Stereotaxic injection of lentivirus particles into intact mice.
The lentiviral particles of Foxo3a RNAi were purchased from Santa Cruz Biotechnology and injected into mouse brain as previously described. Briefly, after anesthesia, the skull was exposed and 5.0 μl (107–108 pfu/ml) of viral particles of Foxo3a RNAi (n = 9) were slowly injected into the cortex (anterior 0.5 mm, lateral 3.5 mm from bregma, and ventral 1.0 mm relative to dura). Seven days after viral infection, depletion of Foxo3a in coronal sections was detected by Western blot with anti-Foxo3a antibody. On day 8, TBI was performed as described previously and below (Kimbler et al., 2012).
TBI procedures.
The procedure is based on the protocol described previously (Laird et al., 2010). Briefly, 8- to 10-week-old C57BL/6 mice (male) were impacted at 4.5 m/s with a 20 ms dwell time and 1.0 mm depression using a 3 mm diameter convex tip, mimicking a moderate TBI. Sham-operated mice underwent the identical surgical procedures, but were not impacted. Body temperature was maintained at 37°C using a small animal temperature controller throughout all procedures (Kopf Instruments).

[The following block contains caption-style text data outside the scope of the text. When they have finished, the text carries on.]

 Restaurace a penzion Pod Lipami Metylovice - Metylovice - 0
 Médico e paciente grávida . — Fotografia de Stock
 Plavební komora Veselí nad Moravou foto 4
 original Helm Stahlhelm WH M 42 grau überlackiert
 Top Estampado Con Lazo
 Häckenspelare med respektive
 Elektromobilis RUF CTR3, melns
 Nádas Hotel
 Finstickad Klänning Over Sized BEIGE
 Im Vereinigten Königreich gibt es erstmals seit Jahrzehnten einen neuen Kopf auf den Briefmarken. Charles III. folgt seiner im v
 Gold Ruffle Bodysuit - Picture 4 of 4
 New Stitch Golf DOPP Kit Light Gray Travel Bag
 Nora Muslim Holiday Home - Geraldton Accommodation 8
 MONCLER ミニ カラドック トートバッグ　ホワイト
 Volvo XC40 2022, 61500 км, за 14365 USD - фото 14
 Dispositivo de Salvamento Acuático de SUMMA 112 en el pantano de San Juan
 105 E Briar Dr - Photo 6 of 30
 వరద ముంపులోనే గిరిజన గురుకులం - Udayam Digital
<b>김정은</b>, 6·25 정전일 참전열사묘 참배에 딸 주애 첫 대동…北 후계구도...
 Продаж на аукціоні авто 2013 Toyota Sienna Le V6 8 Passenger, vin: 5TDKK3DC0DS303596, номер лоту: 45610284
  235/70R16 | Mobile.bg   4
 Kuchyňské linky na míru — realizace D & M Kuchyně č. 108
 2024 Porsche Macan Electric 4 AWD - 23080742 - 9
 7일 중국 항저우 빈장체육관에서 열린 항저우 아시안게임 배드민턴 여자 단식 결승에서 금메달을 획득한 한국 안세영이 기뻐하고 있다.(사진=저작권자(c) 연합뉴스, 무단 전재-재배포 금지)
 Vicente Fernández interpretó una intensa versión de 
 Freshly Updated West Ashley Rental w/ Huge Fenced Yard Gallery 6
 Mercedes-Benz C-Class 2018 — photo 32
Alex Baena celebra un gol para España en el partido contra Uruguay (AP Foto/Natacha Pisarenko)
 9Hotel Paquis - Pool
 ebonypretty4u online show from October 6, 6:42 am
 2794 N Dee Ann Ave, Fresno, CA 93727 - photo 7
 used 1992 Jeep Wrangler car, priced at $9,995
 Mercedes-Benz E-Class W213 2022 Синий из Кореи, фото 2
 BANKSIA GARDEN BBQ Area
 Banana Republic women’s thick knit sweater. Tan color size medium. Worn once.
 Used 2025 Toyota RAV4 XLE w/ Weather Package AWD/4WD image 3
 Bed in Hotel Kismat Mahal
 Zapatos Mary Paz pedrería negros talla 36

Assessment of cerebral edema.
Brain water content (measure of cerebral edema) was quantified using the wet-dry method (Hewett et al., 2006; Laird et al., 2010). Briefly, brain water content was estimated in a 3 mm coronal tissue section of the ipsilateral cortex (or corresponding contralateral cortex), centered on the impact site. Tissue was immediately weighed (wet weight), then dehydrated at 65°C. The sample was reweighed 48 h later to obtain a dry weight. The percentage of water content in the tissue samples was calculated using the following formula: [(wet weight − dry weight)/wet weight] ×100.
Neurobehavioral tests.
The Y-maze test of spontaneous alternation was used to evaluate hippocampus-dependent spatial learning (Lloyd et al., 2008). Testing was performed daily by a blinded observer until day 30 of recovery. Each animal started in the vertical arm of the Y-maze. If the animal selected a different arm on the second run in the maze, it was scored as alternating. The percentage alternation over the duration of testing was calculated for each animal.
Statistical analysis.
The effects of treatments were analyzed using a one-way ANOVA followed by Dunnett's post hoc test. Results are expressed as mean ± SEM. A p < 0.05 was considered to be statistically significant. For Y-maze study we used two-way ANOVA.
Results
TBI leads to increase in nuclear translocation of Foxo3a
To monitor whether TBI has any influence on translocation of Foxo3a into the nucleus, we performed cytosolic and nuclear fractionation of both sham and TBI-induced mice. We found that there was a significant increase in nuclear level of Foxo3a after 24 h following TBI (Fig. 1A). It is known that increased CSF levels of the proinflammatory cytokine, IL-1β, clinically correlate with edema and neurological demise after TBI (Hayakata et al., 2004; Hutchinson et al., 2007). It was also shown that intracerebral administration of IL-1β induced edema by increasing AQP4 expression (Ito et al., 2006). Thus, to mimic injury situation in brain we treated primary astrocytes with IL-1β and monitored the nuclear level of Foxo3a in primary astrocytes after treatment by both Western blot (Fig. 1B) and confocal microscopy analysis (Fig. 1C). We found that treatment with IL-1β causes an ∼1.5-fold increase in nuclear level of Foxo3a in both cases. Mutation of phosphorylation sites of Foxo3a (Foxo3aTM) causes a significant increase in nuclear translocation and transcriptional activation of Foxo3a (Brunet et al., 1999). To see whether nuclear translocation of Foxo3a depends on its phosphorylation status, we overexpressed Foxo3aTM as well as wild-type Foxo3a in primary astrocytes and treated with IL-1β. It was observed that overexpression of Foxo3aTM causes enrichment of Foxo3a in the nucleus compared with overexpression of Foxo3a in primary astrocytes upon treatment with IL-1β (Fig. 1D). The phosphorylation level of both Akt and Foxo3a were also measured in primary astrocytes treated with IL-1β by Western blot hybridization. We found that treatment with IL-1β causes a decrease in phosphorylation of both Akt and Foxo3a to the extent of >80 and 85%, respectively (Fig. 1E). The status of phosphorylation of Foxo3a in both sham and TBI-induced mice was also measured by Western blot hybridization using pericontusional cortex after TBI in mice. We found that the phosphorylation level of Foxo3a at S256 was significantly decreased to >80% after TBI (Fig. 1F). Our data suggest that a decrease in phosphorylation of Foxo3a leads to an accumulation of Foxo3a following TBI.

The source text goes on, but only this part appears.